Big Brother Is Watching You - And Documenting

by Sue Real Sunday, Sep. 21, 2003 at 6:35 PM

One would think that preserving privacy of the users, whose moves are so meticulously recorded, would be keenly observed at eBay, whose good name in the Internet community is one of its prime assets. But in the U.S. of the post 9/11 and pre-Gulf War II era, helping the "security forces" is considered a supreme act of patriotism.   Who needs a subpoena?

Big Brother Is Watching You - And Documenting
By Yuval Dror Haaretz.com
9-20-3



eBay, Ever Anxious To Up Profits, Bends Over Backward To
Provide Data To Law Enforcement Officials
 
 
 
"I don't know another Web site that has a privacy policy as flexible as eBay's," says Joseph Sullivan. A little bit later, Sullivan explains what he means by the term "flexible." Sullivan is director of the "law enforcement and compliance" department at eBay.com, the largest retailer in the world.
 
Sullivan was speaking to senior representatives of numerous law-enforcement agencies in the United States on the occasion of "Cyber Crime 2003," a conference that was held last week in Connecticut. His lecture was closed to reporters, and for good reason. Haaretz has obtained a recording of the lecture, in which Sullivan tells the audience that eBay is willing to hand over everything it knows about visitors to its Web site that might be of interest to an investigator. All they have to do is ask. "There's no need for a court order," Sullivan said, and related how the company has half a dozen investigators under contract, who scrutinize "suspicious users" and "suspicious behavior." The spirit of cooperation is a function of the patriotism that has surged in the wake of September 11.
 
eBay is the world's largest auction site. Some 62 million registered users buy and sell a variety of merchandise through the site, which charges commissions for every item sold.
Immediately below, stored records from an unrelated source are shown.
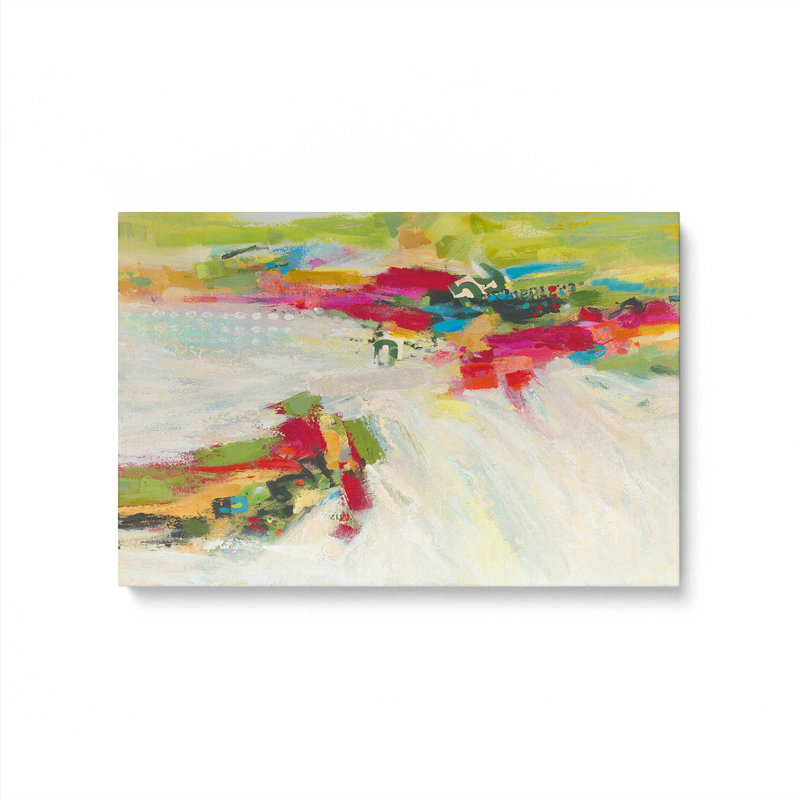 Vue d'ensemble, reproduction d'art sur toile par Janic Janet, Sans objet, Toile tendue, H 20 po x l 30 po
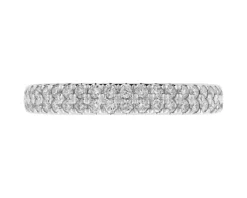 Apart Pierścionek z białego złota z brylantami - 0,36 ct - próba 585< Wszystkie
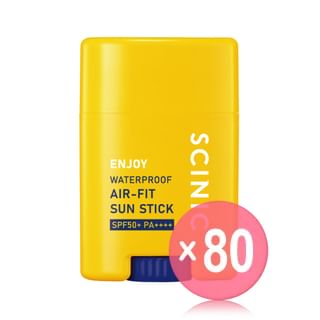 SCINIC - Enjoy Waterproof Air-Fit Sun Stick (x80) (Bulk Box)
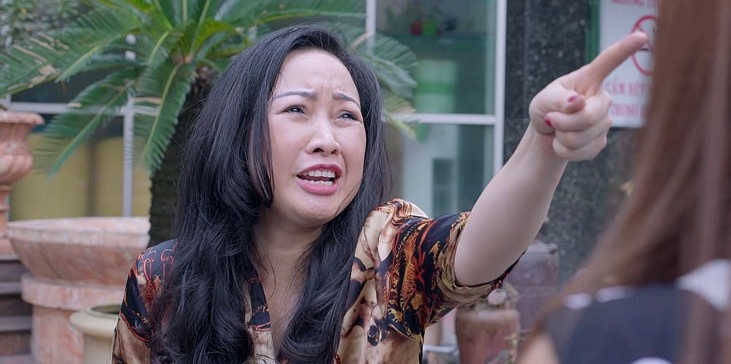 'Gao nep gao te': Ba Linh ta hoa khi phat hien con gai mang thai hinh anh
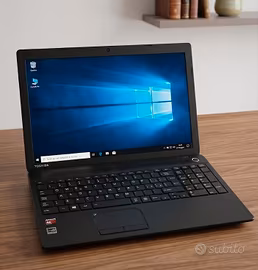 Computer Portatile AMD A6 1TB Windows 10 + Office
Sullivan claims that 150,000 Internet users earn their livelihood from the site, some having left their old jobs to become buyers or sellers on eBay.
 
The sales method on the site is simple: An individual registers as a user, types in his particulars, and affirms that he accepts the user conditions and the site's privacy policy. Whenever an item is sold, the buyer fills out an evaluation form, telling other users about the treatment he received, whether the merchandise was sent on time, etc. Other eBay users can then avoid buying from sellers who have received poor grades.
 
Sullivan says eBay has recorded and documented every iota of data that has come through the Web site since it first went online in 1995. Every time someone makes a bid, sells an item, writes about someone else, even when the company cancels a sale for whatever reason - it documents all of the pertinent information.
 
One would think that preserving privacy of the users, whose moves are so meticulously recorded, would be keenly observed at eBay, whose good name in the Internet community is one of its prime assets. But in the U.S. of the post 9/11 and pre-Gulf War II era, helping the "security forces" is considered a supreme act of patriotism.
 
Who needs a subpoena?
 
"We don't make you show a subpoena, except in exceptional cases," Sullivan told his listeners. "When someone uses our site and clicks on the `I Agree' button, it is as if he agrees to let us submit all of his data to the legal authorities. Which means that if you are a law-enforcement officer, all you have to do is send us a fax with a request for information, and ask about the person behind the seller's identity number, and we will provide you with his name, address, sales history and other details - all without having to produce a court order. We want law enforcement people to spend time on our site," he adds. He says he receives about 200 such requests a month, most of them unofficial requests in the form of an email or fax.
 
The meaning is clear. One fax to eBay from a lawman - police investigator, NSA, FBI or CIA employee, National Park ranger - and eBay sends back the user's full name, email address, home address, mailing address, home telephone number, name of company where seller is employed and user nickname. What's more, eBay will send the history of items he has browsed, feedbacks received, bids he has made, prices he has paid, and even messages sent in the site's various discussion groups.
 
Attorney Nimrod Kozlovski, author of "The Computer and the Legal Process" (in Hebrew), heard the lecture, and could not believe his ears. "The consent given in the user contract should be seen as `coerced consent,' in the absence of any opportunity to exercise free choice, with no real alternative but to agree. This is most certainly not conscious consent."
 
Kozlovski is part of the Information Society Project group at Yale Law School, in which he and his colleagues consider the effects of the new media on the structure of society. American law does not authorize searches of a person's home or body, he says, except in exceptional cases such as when the court authorizes a search, or when the individual gives his consent to a search.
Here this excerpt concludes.